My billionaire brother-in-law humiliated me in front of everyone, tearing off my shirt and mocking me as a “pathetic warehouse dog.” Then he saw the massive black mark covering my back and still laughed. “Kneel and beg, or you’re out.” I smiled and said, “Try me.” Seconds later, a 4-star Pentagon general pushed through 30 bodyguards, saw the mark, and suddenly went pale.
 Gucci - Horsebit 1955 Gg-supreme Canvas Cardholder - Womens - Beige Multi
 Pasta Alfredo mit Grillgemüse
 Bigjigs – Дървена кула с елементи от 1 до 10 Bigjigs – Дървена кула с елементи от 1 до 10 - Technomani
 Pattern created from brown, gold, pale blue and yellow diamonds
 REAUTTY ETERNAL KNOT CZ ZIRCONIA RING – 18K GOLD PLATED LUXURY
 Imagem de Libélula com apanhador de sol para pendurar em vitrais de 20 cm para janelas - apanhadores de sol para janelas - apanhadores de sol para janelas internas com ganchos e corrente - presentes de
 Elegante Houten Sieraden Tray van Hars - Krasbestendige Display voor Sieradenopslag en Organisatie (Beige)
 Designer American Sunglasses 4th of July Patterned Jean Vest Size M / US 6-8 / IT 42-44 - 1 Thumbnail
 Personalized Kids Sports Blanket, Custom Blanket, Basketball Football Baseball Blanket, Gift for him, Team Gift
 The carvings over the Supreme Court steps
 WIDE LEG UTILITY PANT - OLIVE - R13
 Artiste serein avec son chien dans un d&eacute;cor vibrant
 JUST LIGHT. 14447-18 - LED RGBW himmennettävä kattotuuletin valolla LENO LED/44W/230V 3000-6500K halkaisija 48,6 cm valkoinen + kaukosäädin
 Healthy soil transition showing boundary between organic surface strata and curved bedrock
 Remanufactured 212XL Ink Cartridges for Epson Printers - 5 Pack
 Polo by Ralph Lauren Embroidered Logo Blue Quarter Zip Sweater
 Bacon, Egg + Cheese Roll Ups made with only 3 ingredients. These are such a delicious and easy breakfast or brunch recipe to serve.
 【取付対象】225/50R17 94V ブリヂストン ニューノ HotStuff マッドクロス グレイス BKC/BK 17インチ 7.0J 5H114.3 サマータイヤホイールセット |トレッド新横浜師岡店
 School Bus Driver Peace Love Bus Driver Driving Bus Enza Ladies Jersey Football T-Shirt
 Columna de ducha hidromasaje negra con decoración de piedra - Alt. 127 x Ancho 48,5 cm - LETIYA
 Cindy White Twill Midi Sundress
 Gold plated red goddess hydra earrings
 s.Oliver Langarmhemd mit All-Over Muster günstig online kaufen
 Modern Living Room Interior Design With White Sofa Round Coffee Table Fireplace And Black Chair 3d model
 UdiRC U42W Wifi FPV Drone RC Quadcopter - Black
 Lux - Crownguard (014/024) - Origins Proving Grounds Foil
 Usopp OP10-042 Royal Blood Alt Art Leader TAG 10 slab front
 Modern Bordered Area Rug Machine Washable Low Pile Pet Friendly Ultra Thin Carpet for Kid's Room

□ □ □ □ □

### Activity
Please transcribe only the lines in the records above running from the line that has "Designer American Sunglasses" through the line that has "Polo by Ralph", both included, exactly as they appear.

### Finished exercise
 Designer American Sunglasses 4th of July Patterned Jean Vest Size M / US 6-8 / IT 42-44 - 1 Thumbnail
 Personalized Kids Sports Blanket, Custom Blanket, Basketball Football Baseball Blanket, Gift for him, Team Gift
 The carvings over the Supreme Court steps
 WIDE LEG UTILITY PANT - OLIVE - R13
 Artiste serein avec son chien dans un d&eacute;cor vibrant
 JUST LIGHT. 14447-18 - LED RGBW himmennettävä kattotuuletin valolla LENO LED/44W/230V 3000-6500K halkaisija 48,6 cm valkoinen + kaukosäädin
 Healthy soil transition showing boundary between organic surface strata and curved bedrock
 Remanufactured 212XL Ink Cartridges for Epson Printers - 5 Pack
 Polo by Ralph Lauren Embroidered Logo Blue Quarter Zip Sweater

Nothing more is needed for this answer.